In Model 4, I assess the extent to which neighborhood diversity is shaped by housing and socioeconomic characteristics: homeownership; whether a couple-group was in the same home for three or more years; employment status of the household head; educational attainment (in completed years) of the household head; and total family income (measured in thousands of constant 2000 dollars). All else being equal, homeowners tend to live in less diverse places than do non-owners, and longer-term residence is associated with exposure to more neighborhood diversity. Net of couple-group racial status and other measures, employment status, education, and income have negligible effects on neighborhood diversity. With the addition of these socioeconomic measures, the coefficients for couple-groups do not change substantively, indicating that group differences in socioeconomic resources play little role in explaining differences in mixed-race couples’ higher exposure to neighborhood diversity at any point in time.
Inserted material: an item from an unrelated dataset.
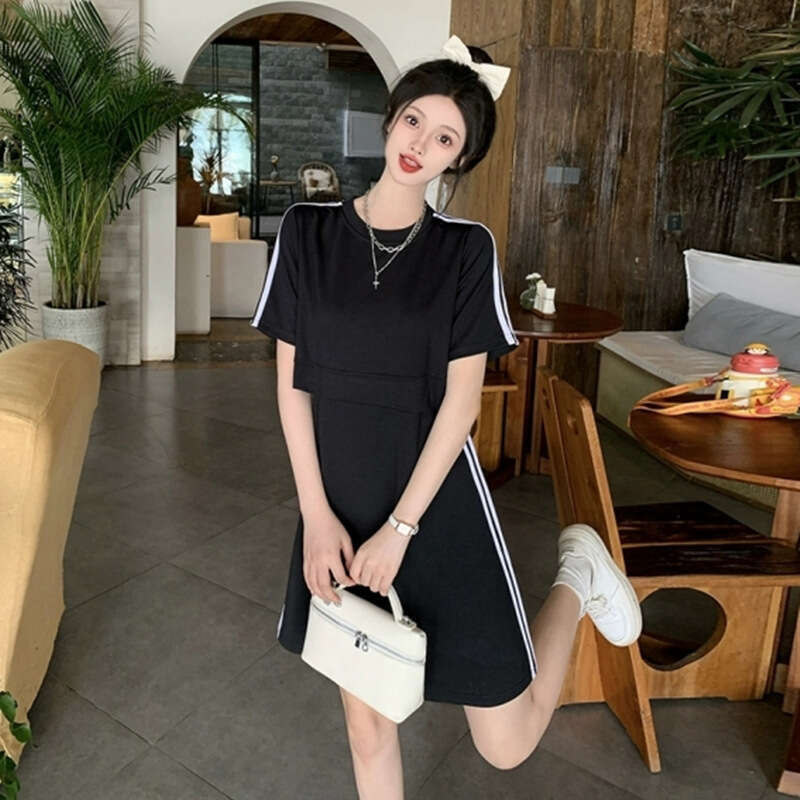 Plus Size French Casual Fake Two-Piece Summer Fat MM Belly Covering Slimming Sports Style Dress For Women B5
Model 5 of Table 2 adds an interactive measure to assess the extent to which the effect of economic resources, as measured by total family income from all sources, vary across couple-group categories, providing a test of the weak and strong versions of the place stratification perspective. The coefficients for these product terms indicate significant differences across couple-groups in the effects of income. Consistent with the weak version of the place stratification perspective, the effect of income on neighborhood diversity is stronger for black-black couples than for white-white couples. Thus, although income has no net effect on the neighborhood diversity of white-white couples, it tends to be only higher-income black-black couples that buy their way into more diverse neighborhoods. In contrast, the effect of income is significantly more negative for black-white couples than for white-white couples. The fact that higher-income black-white couples—those presumably best able to afford a location that matches their preference—tend to be located in areas with significantly less diversity than those occupied by lower-income black-white couples would appear to contradict claims (Wright et al. 2011) that black-white couples tend to prefer living in diverse places. Moreover, supplemental models with black-black couples as the reference category reveal a negative (b = –0.0006) and significant interaction (p < .001) between black-white couples and income, further evincing that black-white couples are not necessarily unique in their preferences for neighborhood diversity.
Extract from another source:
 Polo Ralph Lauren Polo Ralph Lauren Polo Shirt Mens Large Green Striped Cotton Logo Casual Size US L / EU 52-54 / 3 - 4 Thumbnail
Mobility Behaviors and Neighborhood Diversity

Like previous cross-sectional analyses, the results from the preceding analyses in Table 2 are temporally ambiguous: it is not clear whether mixed-race couples occupy more diverse locations because they move into such neighborhoods after they form as a couple or simply form as a couple in those neighborhoods. Thus, in the remaining analyses, I investigate couples that are already formed by time t and then examine their subsequent mobility behaviors in relation to neighborhood diversity. If, as past research has indicated, mixed-race couples have a heightened affinity for diverse neighborhoods, we would expect these couples to exhibit a relatively low likelihood of leaving diverse neighborhoods. Hence, Table 3 presents the results of three-level random-intercepts logistic regression models predicting the log-odds of leaving the neighborhood of origin between sequential PSID interviews. Model 1 includes the couple-group categories and a control for neighborhood entropy. The results show fairly modest group differences in the likelihood of inter-neighborhood mobility: in comparison with white-white couples, black-black and black-Latino couples are more likely to move. Controlling for these group differences, the odds of out-mobility are also higher for those originating in diverse neighborhoods. Specifically, on average, a difference in neighborhood entropy of 0.301 (1 standard deviation from the pooled sample) is associated with a 55 % (e(1.463 × 0.301) = 1.553) increase in the odds of out-mobility.
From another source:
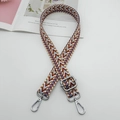 Adjustable woven ethnic pattern shoulder strap for crossbody bags with metal hooks - Light Blue Brown Wine Red + Silver Hook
Model 2 includes interaction terms for each couple-group and neighborhood entropy. This approach allows me to assess whether the association between neighborhood entropy and out-mobility varies across couple-groups. For white-white couples, the effect of entropy is strong and positive (b = 2.040), indicating that a 1 standard deviation difference in neighborhood entropy is associated with an 84 % (e(2.040 × 0.301) = 1.847) increase in the odds of a white-white couple moving out of their neighborhood. In comparison, the effect of neighborhood diversity on out-mobility is significantly weaker for black-black couples. For these couples, a comparable difference in neighborhood entropy is associated with just a 28 % (e((2.040 – 1.199) × 0.301) = 1.288) increase in the odds of out-mobility, and supplemental models (not shown) indicate that this effect is not statistically significant (b = 0.5331, p = .083). This basic contrast in the mobility reaction to neighborhood diversity is consistent with evidence from past research suggesting that blacks have greater tolerance for diverse neighborhoods than do whites.

Also, among the significant interactions in Model 2, the reactions to neighborhood diversity for white-other and white-Latino couples more closely resemble those of white-white couples, whereas black-other couples demonstrate less sensitivity to increasingly diverse neighborhood settings. Conversely, only black-other couples differ significantly (b = –2.751, p < .05) from black-black couples in terms of the association between neighborhood entropy and out-mobility. Moreover, supplemental models (not shown) indicate that the association between neighborhood entropy and out-mobility is statistically significantly different from 0 only for white-white couples. These findings are roughly consistent with the argument that, at least among some mixed-race couples, the presence of a nonwhite partner produces a higher level of tolerance for diverse neighborhoods than is typically exhibited by white householders. Overall, these results provide mixed support for the idea that mixed-race couples make mobility decisions that are conducive to exposure to neighborhood diversity. Additionally, it is not clear whether the differences that do emerge reflect stronger preferences for diverse neighborhoods or the effects of sociodemographic or contextual factors that affect mobility decisions.

Model 3 shows that metropolitan entropy has little effect on the likelihood of mobility or, more importantly, group differences in reactions to neighborhood diversity. Model 4 includes controls for a broad array of individual- and household-level sociodemographic variables that have been shown in past research to affect neighborhood out-mobility. As in past research, I find that the likelihood of out-mobility declines with age; is lower for families with children, homeowners, long-term residents, and the employed; and increases with more people per room. The length of time between sequential PSID interviews also influences the likelihood of observing an inter-neighborhood move during this period.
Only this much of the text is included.